The inquiry hearings were held against the backdrop of AGL Macquarie’s application to expand the Bayswater power station coal ash dam, for which EJA obtained and submitted expert analysis on. We have recommended that the decision on the expansion be postponed until after the coal ash inquiry Committee deliver its recommendations. The Committee is due to report in the first quarter of 2021. 

The hearings were also held against the back drop of inadequate fines issued by the NSW EPA to Vales Point power station.
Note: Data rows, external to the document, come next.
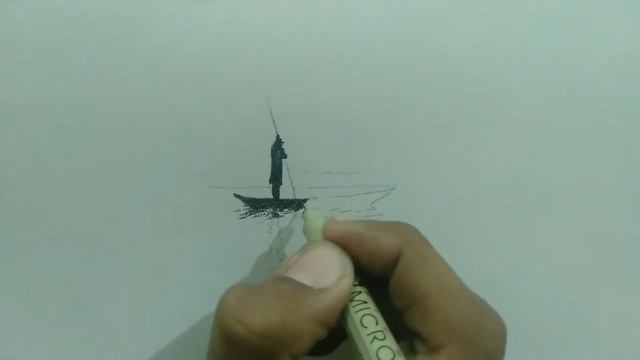 Men with Boat Dot Work By Safi смотреть онлайн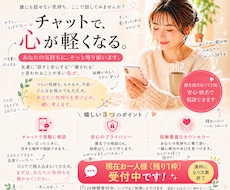 チャット悩み相談｜話聞きます｜恋愛・仕事聞きます イメージ1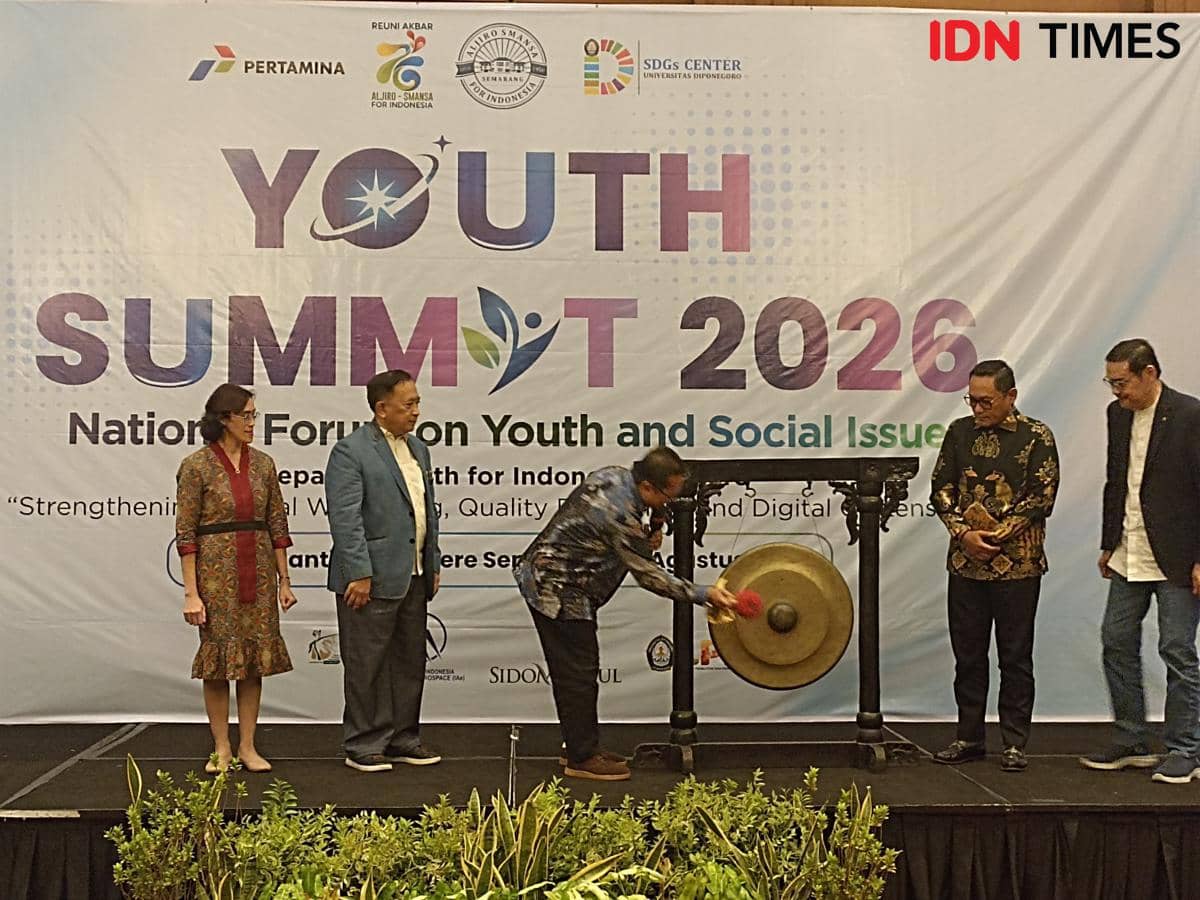 Forum youth summit yang diinisiasi ALJIRO SMANSA dan SDGs Center UNDIP mengangkat isu kesejahteraan mental dan pendidikan.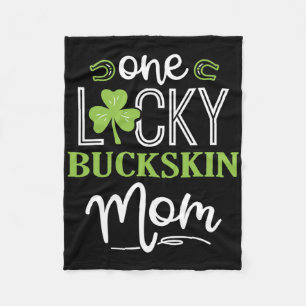 One Lucky Buckskin Horse Mum Irish Horseback Ridin Fleece Blanket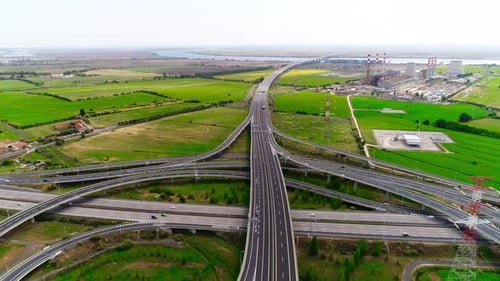 Car Traveling in Highway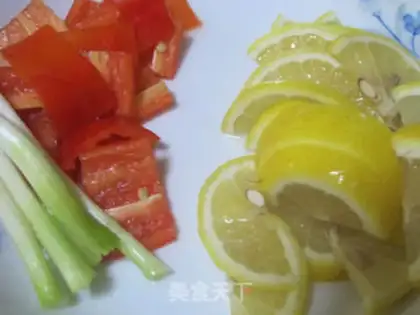 Make Lemon beef step 1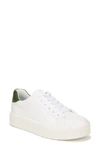 Vince Benfield Leather Platform Sneaker In White/ Palmleaf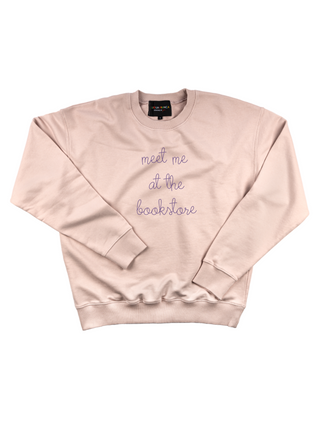 "meet me at the bookstore" Womens Sweatshirt Sweatshirt Ecovest Light Pink XS 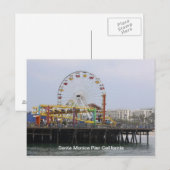Santa Monica Pier Briefkaart (Voorkant / Achterkant)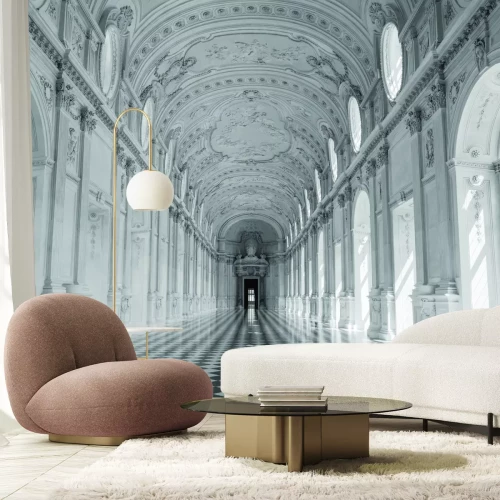 Fototapete Innenraum eines architektonischen Palastes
EPA issued two fines totally $30,000 to Vales Point after a large stockpile of asbestos and other waste was spread over the 30000sqm area at the power station’s ash dam at a time the power station’s owners are seeking millions of taxpayer money to keep its aging power station operational. 

While the inquiry hearings, Bayswater expansion proposal process and Vales Point contamination issues have been unfolding, Newcastle community group Hunter Community Environment Centre (HCEC) released their most recent research into water contamination from NSW coal ash dumps.  

Out of the Ashes II is a boarder investigation into the environmental impacts of seven out of eight coal ash dumps in NSW. HCECs investigation found contamination of heavy metals in all of the waterways surrounding the coal ash dumps they conducted tests at.  

HCEC’s important and timely work will hopefully impress upon both the Committee of Inquiry and the NSW EPA to further investigate and take action to clean-up coal ash in NSW. Western Sydney University waster scientist Ian Wright, who review HCEC’s work, described the regulation of coal ash in NSW as ‘Dark Ages, Dickensian management of pollution and we need a quantum leap in the management of this.’ 

EJA has recommended that specific coal ash regulations are made under the Protection of the Environment Operations Act 1997. Until that happens, we agree with Ian Wright’s assessment.